Astelan cannot be the current Cypher....He is in the Rock, got caught on Piscina if I remember correctly.


----------



## forkmaster (Jan 2, 2010)

Ferrus Manus said:


> fluff wise... theres a theory that Astelan from the HH books is the current Cypher because of all he experienced on Caliban and how Lucius showed him all of Lion'els books
> 
> anyway.. the last reference in date wise i think is from the book "Angels of Darkness" where he creates a cult that destroyes this one planet, but it might not be the latest refrence about him, not sure


So Cypher and Luciius had contact with each other?
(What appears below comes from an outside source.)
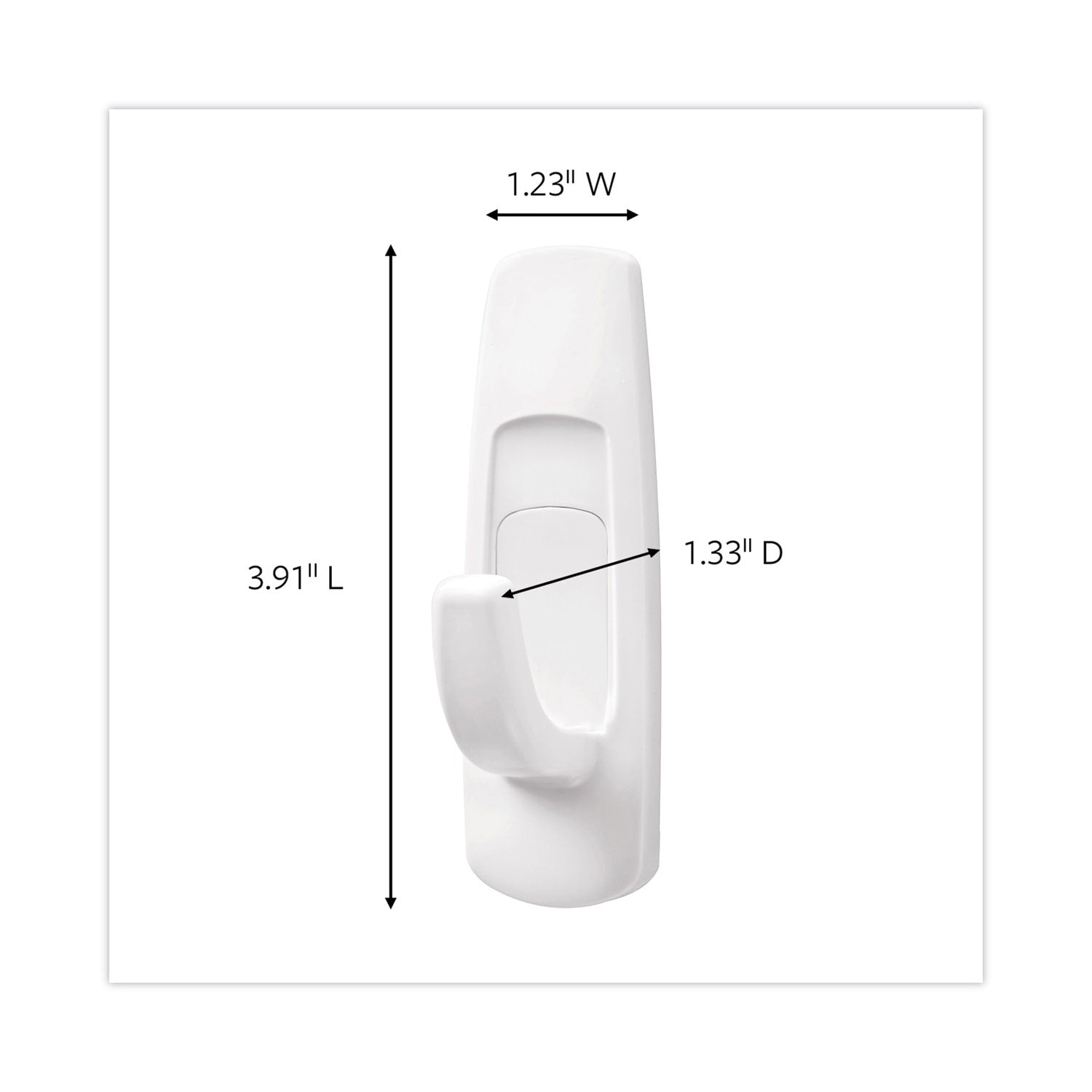 General Purpose Hooks Multi-Pack, Large, Plastic, White, 5 lb Capacity, 3 Hooks and 6 Strips/Pack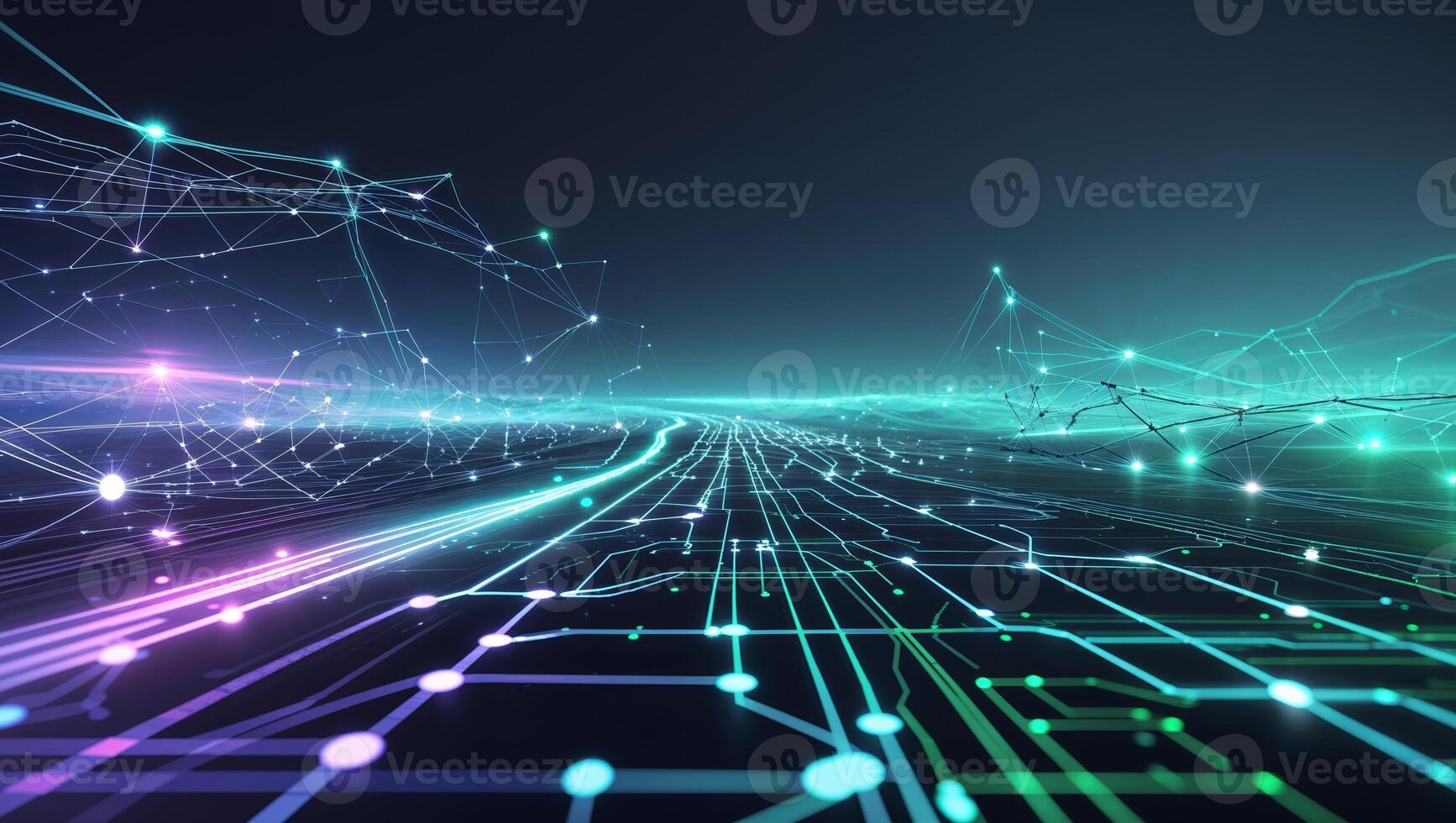 Abstract digital landscape featuring glowing lines and nodes representing data flow and connectivity in a futuristic setting photo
I for one think the Cypher from Descents of Angels and Fallen Angels which life was spared by the Lion is the same one in the m.40.


----------



## Ferrus Manus (Apr 28, 2008)

first i want to apoligize i got the name mixed up, i meant to say Luther and not Lucius, sorry forkmaster

well im not saying the theory i posted before is the correct one, but its still a theory, you could be right Dark Angel but too the end of "Fallen Angels" Astelan starts to get annoyed with Cypher and threatens him a couple of times + the fact that Luther showed Astelan with Zahriel all the secret books Lion'el Johnson had hid, making him one of the very few people who know the dark angels most biggest secrets which gives good reason for being the cypher


----------



## forkmaster (Jan 2, 2010)

Ferrus Manus said:


> first i want to apoligize i got the name mixed up, i meant to say Luther and not Lucius, sorry forkmaster
> 
> well im not saying the theory i posted before is the correct one, but its still a theory, you could be right Dark Angel but too the end of "Fallen Angels" Astelan starts to get annoyed with Cypher and threatens him a couple of times + the fact that Luther showed Astelan with Zahriel all the secret books Lion'el Johnson had hid, making him one of the very few people who know the dark angels most biggest secrets which gives good reason for being the cypher


Indeed, I think everyone has their own thoughts and ideas and yours could be very much true as mine. =) I read somewhere they are planning at least one more book so hopefully we will get some answers soon.


----------



## cranvill (Jul 20, 2008)

The therory of Cypher and the empore meeting an then the emp remakeing the lion sword only for Cypherto use it to kill him is as old as the game its self and while realy good fluff GW will never openly say it because it will lead into far too many other storey lines. Which in turn will make the game far too complecated for newer and unger player alike as they would then have to start exsplaing about the star child and sensi (spelling) and why the inquistion have been hunting them down all these years.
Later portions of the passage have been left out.